The Summer Palace in China is an extensive ensemble of hills, gardens, lakes and palaces, that was originally built outside the city of Beijing. Today it serves as a recreational park and has become a popular tourist destination, for both the Chinese and foreign travelers.

It is our 6th stop in the series Journeys to Discovery.

The total area of the Summer Palace encompasses a total of 1.1 square miles or 2.9 square kilometers. Three-quarters of the complex, is compromised of water from the lakes.

Kunming Lake with Nanhu Island and the 17-Arch Bridge

The Summer Palace is located 13.17 miles or 21.2 kilometers from the heart of the Chinese capital. This equates to a travel time of 39 minutes from the Forbidden City.

The attractions of the Summer Palace can be divided into six different scenic areas. They are the Halls, Longevity Hill, Kunming Lake, the Farming and Weaving Picture Scenic Area, the Long Corridor, and the Central Axis area.

In 1998, UNESCO included the Summer Palace on its World Heritage List. It identified the site as a masterpiece of Chinese landscape garden design. The natural landscape of hills and open water is combined with artificial features such as pavilions, halls, palaces, temples and bridges to form a harmonious ensemble of outstanding aesthetic value.

Longevity Hill

The Summer Palace is mainly dominated by Longevity Hill and Kunming Lake. The central Kunming Lake, covers some 540 acres (2.2 square kilometers) and is entirely man made. The soil excavated by hand, was used in the creation of Longevity Hill.

The latter is about 200 feet (60 meters) high and has numerous buildings built in a sequence. The front part of Longevity Hill was endowed with magnificent halls and pavilions that number over 3,000 rooms. The back hill as a contrast, is a simple display of natural beauty.

The origins of the Summer Palace can be traced back to the Jurchen-led Jin Dynasty in 1153. The fourth ruler, Wanyan Liang who reigned from 1150 to 1161, moved his capital to Yanjing. This city would later evolve into the present day Beijing.

Standing atop the Longevity Hill, the Tower of Buddhist Incense is the highest building in the Summer Palace.

It was this ruler that would order the construction of the first palace in the Fragrant Hills and Jade Spring Hill, located in the northwest part of his new capital.

Around the year 1271, after the Yuan (Mongol) Dynasty also established its capital at what was known as Khanbaliq (Beijing), a waterworks project was designed and built in the area. This would later become Kunming Lake. The aim was to provide a reliable supply of water for the capital.

Later in 1494, the Hongzhi Emperor of the Ming Dynasty has a temple built in front of Jar Hill, which was later renamed Longevity Hill. This structure would eventually be abandoned and fell into disrepair.

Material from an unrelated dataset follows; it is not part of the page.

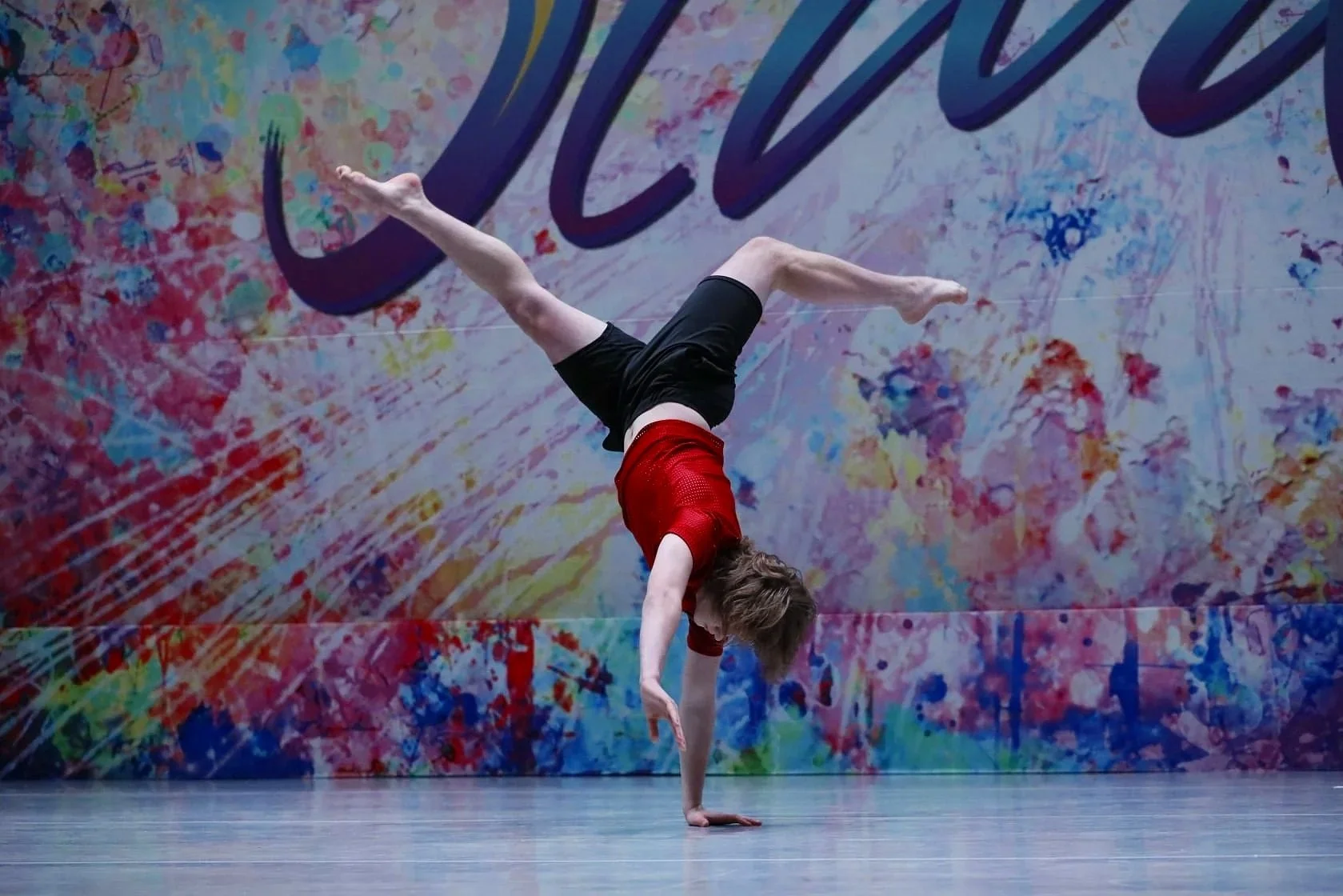 A person performing a handstand or acrobat on stage with a colorful, abstract background.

Garden of Harmonious Pleasures

The Zhengde Emperor who succeeded to the throne, built a palace on the banks of the Western Lake and turned the area into an imperial garden. Both he and the Wanli Emperor who reigned from 1572 to 1620, relished taking boast rides on the lake.

During the reign of the Tianqi Emperor from 1620 to 1627, a court eunuch would take the imperial garden and make it his personal property

The construction of the Summer Palace itself started around 1750 by the Qianlong Emperor. He decided to build a palace there, to celebrate the 60th birthday of his mother, the Empress Dowager Chongqing. He had the Western Lake expanded to create two more lakes known as Gaoshui and Yangshui. He would name the three lakes collectively as Kunming Lake.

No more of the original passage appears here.